En los últimos años, la República Dominicana ha mejorado su desempeño en indicadores internacionales de justicia y Estado de derecho. Y esta visión conecta directamente con una aspiración nacional mayor: el proceso de acceso de la República Dominicana a la OCDE.
Ese paso coloca al Estado dominicano en una autoevaluación profunda, donde la justicia ocupa un lugar central. La OCDE no observa únicamente cifras macroeconómicas; evalúa la fortaleza del Estado de derecho, la integridad institucional, la eficiencia de los servicios públicos y la previsibilidad normativa.
Por eso, el proceso de reforma judicial que estamos impulsando no solo mejora la vida cotidiana de las personas; también demuestra que el país está construyendo las bases institucionales esenciales para aspirar a estándares globales de un desarrollo entendido de manera integral.
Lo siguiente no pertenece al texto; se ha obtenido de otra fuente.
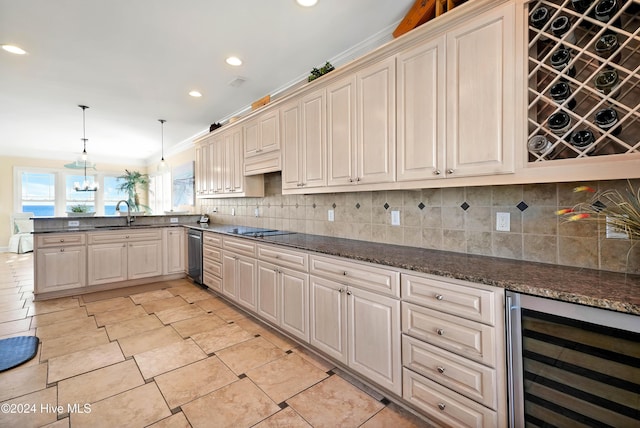 kitchen featuring decorative light fixtures, sink, wine cooler, backsplash, and black electric stovetop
Porque también es desarrollo cuando una madre finalmente recibe la pensión alimenticia que esperaba desde hace años, una microempresa por fin cobra una deuda o un ciudadano obtiene una respuesta rápida sin tener que viajar horas para llegar al juzgado más cercano. La justicia se convierte en infraestructura del desarrollo cuando deja de ser un laberinto y se vuelve en un camino accesible, confiable y humano para la ciudadanía.
No se trata, por tanto, solo de crecimiento económico, sino de la posibilidad de que cada persona viva con dignidad y previsibilidad.
Por eso, afirmar que la justicia es infraestructura del desarrollo no es una metáfora, sino una convicción respaldada por evidencia y resultados. Es también una de las razones por las que la República Dominicana puede presentarse ante el mundo como un Estado que planifica, que moderniza y que construye institucionalidad para una generación entera. Una justicia fuerte no solo resuelve conflictos: hace posible el futuro.